L’Algérie n’est pas oubliée. Le même
calvaire ! Pis encore, des pratiques similaires à celles mises en œuvre en
colonie sont importées sur le territoire métropolitain (France) afin de
« gérer « les « immigrés » (22 000 en 1946, près de
300 000 en 1945). Des « allochtones » ….à la religion qui, déjà , dérange et est jugée menaçante pour l’ordre et la
sécurité. Un « village arabe » (masures en bois recouvertes de
papier goudronné) est signalé à Genevilliers en 1931 dans une thèse de droit. La
tuberculose fait des ravages. Du personnel français arrivé d’Algérie encadre et
surveille cette main-d’œuvre.. En 1954, les
Nord-Africains sont rangés au neuvième rang de sympathie parmi dix nationalités . Ils sont en France ,
mais pas de France
L’Auteur : Né à
Paris en septembre 1960. Universitaire (français), politologue, spécialiste des
questions de citoyenneté et des questions ayant trait à l’histoire coloniale.

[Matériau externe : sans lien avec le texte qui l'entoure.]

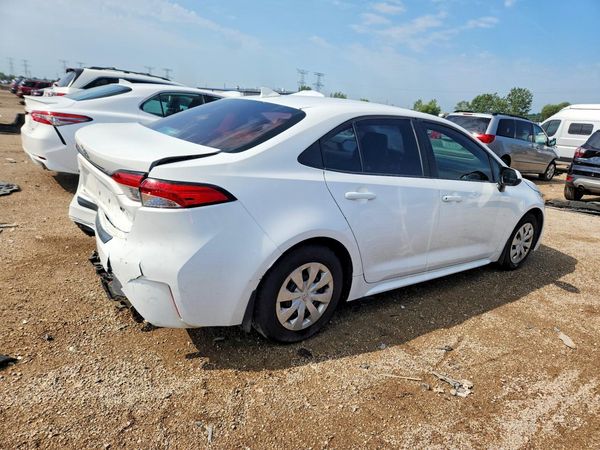 2020 TOYOTA COROLLA L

Il a critiqué la loi de 2005 sur la
colonisation et il a été également un militant engagé pour la régularisation
des immigrés clandestins. Auteur de deux essais
à succès : en 2005, « Coloniser, exterminer : sur la
guerre et l’Etat colonial », et en 2009, « La République impériale.
Politique et Racisme d’Etat », les deux édités en arabe en Algérie.
Certains historiens français (dont Gilbert Meynier et Pierre Vidal-Nacquet),
lui ont reproché d’assimiler le système colonial au 3è Reich.
Avis : Une œuvre
incontournable pour qui s’intéresse à l’histoire de la colonisation et à la
naissance de l’impérialisme. Ainsi que pour tous ceux qui s’intéressent à la
médecine et à l’hygiène
Citations : «
En Europe et en France, l’hygiène publique a été la fille de la révolution
industrielle, de l’exode rural et de l’urbanisation ; dans les contrées
exotiques, elle est née de la « ruée vers l’Afrique » ,des impératifs
de la colonisation et d’une médecine tropicale impuissante » ( p 71),
« L’objectif des Européens, en Afrique et ailleurs, demeure
l’exploitation, et que la mort des travailleurs noirs en est un effet. Ce sont
les nazis qui ont radicalement modifié les termes de cette équation en
commençant à exploiter dans le but officiel d’exterminer , au moyen du travail,
notamment, les déportés juifs et, parfois, les résistants » (p 324),
« Dans les territoires ultra-marins, la « force de caractère »,
tenue pour une qualité indispensable à l’accomplissement civilisatrice , n’est que
le masque avantageux d’une inhumanité radicale commune à la plupart des
Blancs » (p 328), « L’exploration presque achevée de l’Afrique cède
la place à l’impérialisme, conçu comme une entreprise économique et politique
de puissance reposant sur une expansion territoriale maximale » (p 336),
« L’exploitation coloniale : le vrai visage du capiltalisme ?
Non, l’un des plus terribles » (p 340).